EL PROGRESO EN LA VIDA ESPIRITUAL
«Si dices: ¡ya basta!, estás perdido».
(SAN AGUSTÍN, Sermón 169, 18)
ES DESIGNIO DE DIOS que ninguna creatura viva reciba desde el principio la perfección a que está llamada: el cambio forma parte de nuestra naturaleza[1]. Solo Dios puede decir: Yo, Yahveh, no cambio[2]. Detenerse es decaer: «Quien no crece y va adelante, vuelve atrás»[3]. «Quien no avanza, retrocede»[4]. «Desde que uno deja de avanzar, inmediatamente decae»[5].
De este progreso, y de los riesgos de menguar por descuido o confusión, intentamos hablar en estas páginas.
INFANCIA, ADOLESCENCIA, EDAD ADULTA
Santo Tomás compara las etapas de la vida espiritual con las de la corporal[6]. Los principiantes o incipientes son niños. Los aventajados o proficientes, jóvenes. Quienes han alcanzado mayor desarrollo —un cierto grado de perfección—, adultos.
Pero, ¿qué caracteriza cada etapa? De manera simplificada —en realidad, muy simplificada—, diremos que la infancia es la etapa de la obligación. La juventud, la de las virtudes. Y en la edad adulta, lo que rige es el amor. Pero apresurémonos a decir que la clasificación no es rígida: el incipiente o el proficiente se mueve también por el amor, y en el perfecto debe continuar, y con mayor exigencia, el ejercicio de las virtudes.

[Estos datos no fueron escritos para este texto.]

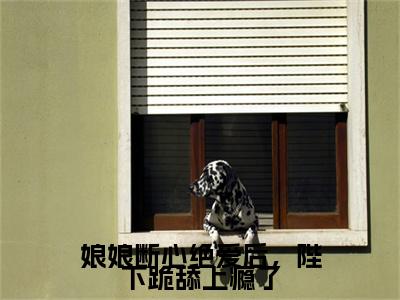 全网首发苏云宁彩蛋(娘娘断心绝爱后，陛下跪舔上瘾了)（苏云宁）全本完整阅读无弹窗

Incluso en estos últimos podrían resurgir burdas tentaciones, como si de principiantes recién salidos del pecado se tratara. O un principiante puede experimentar de pronto elevaciones místicas. Los esquemas rígidos no empatan con la soberana actuación del Espíritu de Dios. Ni con las pruebas que Él envía.

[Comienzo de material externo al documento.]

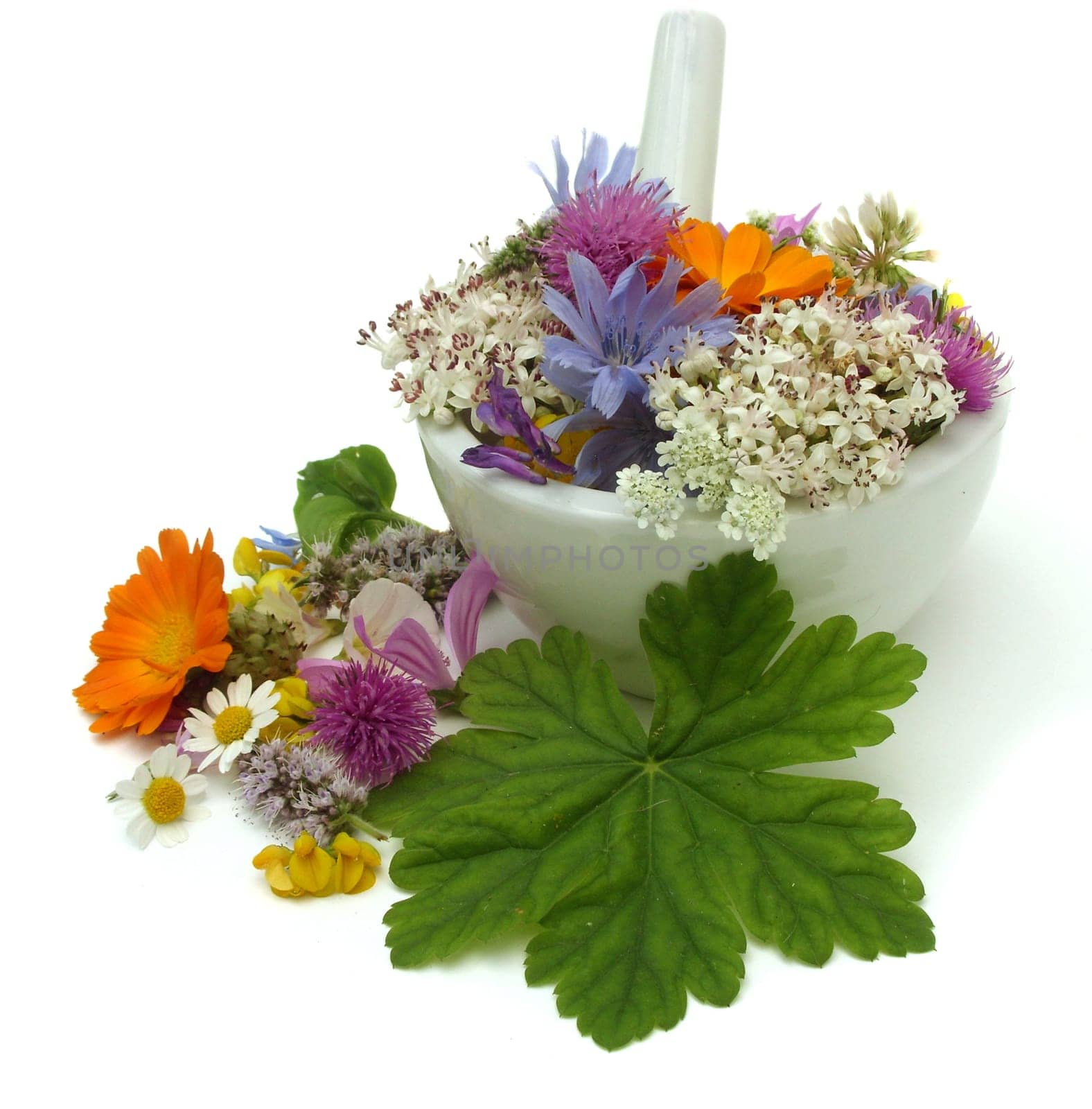 Health from nature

Pero, sin duda, el esquema ayuda: presenta la vida interior como algo progresivo, tendiente a la plenitud: la del amor a Dios.

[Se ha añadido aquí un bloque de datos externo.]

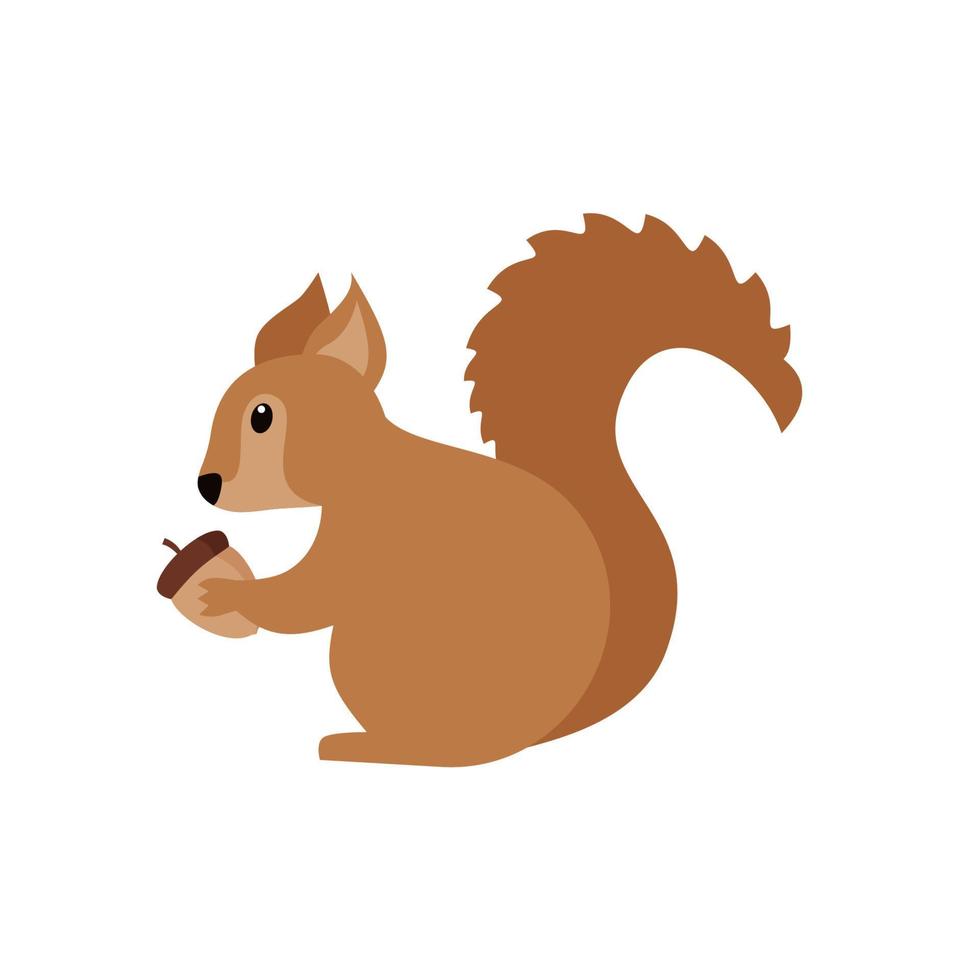 rode pluizige eekhoorn met pluizige staart die eikel vectorillustratie houdt vector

Diremos también que —como en la vida humana— en la del espíritu hay momentos de transición. Todo ser humano ha de abandonar el estado anterior para acceder al nuevo. Y eso entraña —como el paso de la crisálida a la mariposa— dolores de crecimiento. Los progresos espirituales suelen presentarse a la par de renuncias y aflicciones. Quien no está dispuesto a hacerlo, quien rehúye las nuevas exigencias, no es que se quede como está, sino que le acecha el peligro ya mencionado: ser alma retardada[7].
Abundemos algo más sobre cada etapa de la vida interior.
PRINCIPIANTES O INFANTES ESPIRITUALES
Es principiante o incipiente quien vive su primera conversión o, propiamente, su justificación (del griego, dikaiosis). Este concepto —fundamental en la teología católica— señala el paso del estado de pecado al estado de gracia. Si alguien permanece en pecado mortal, no es que sea incipiente en la vida espiritual, es que no ha nacido a ella. Pero si la gracia santificante llegó a él, ha comenzado su vida nueva. El inicio es balbuciente, y no presenta aún virtudes consolidadas: tendrá que ceñirse a lo preceptivo, es decir, a la obligación de la ley. Haciéndose violencia si es preciso, su horizonte se concretará en cumplir el Decálogo y resguardarse de los asaltos de la concupiscencia. Su cometido será fundamentalmente negativo: evitar que la gracia santificante desaparezca. «Existen diversos grados de caridad según las diversas obligaciones (studia) que el progreso en esa virtud impone al hombre. El primer deber que le incumbe es evitar el pecado y resistir a los halagos de la concupiscencia que nos impelen en sentido opuesto a la caridad: es el deber de los incipientes, en quienes la caridad tiene que ser sostenida para que no desaparezca»[8].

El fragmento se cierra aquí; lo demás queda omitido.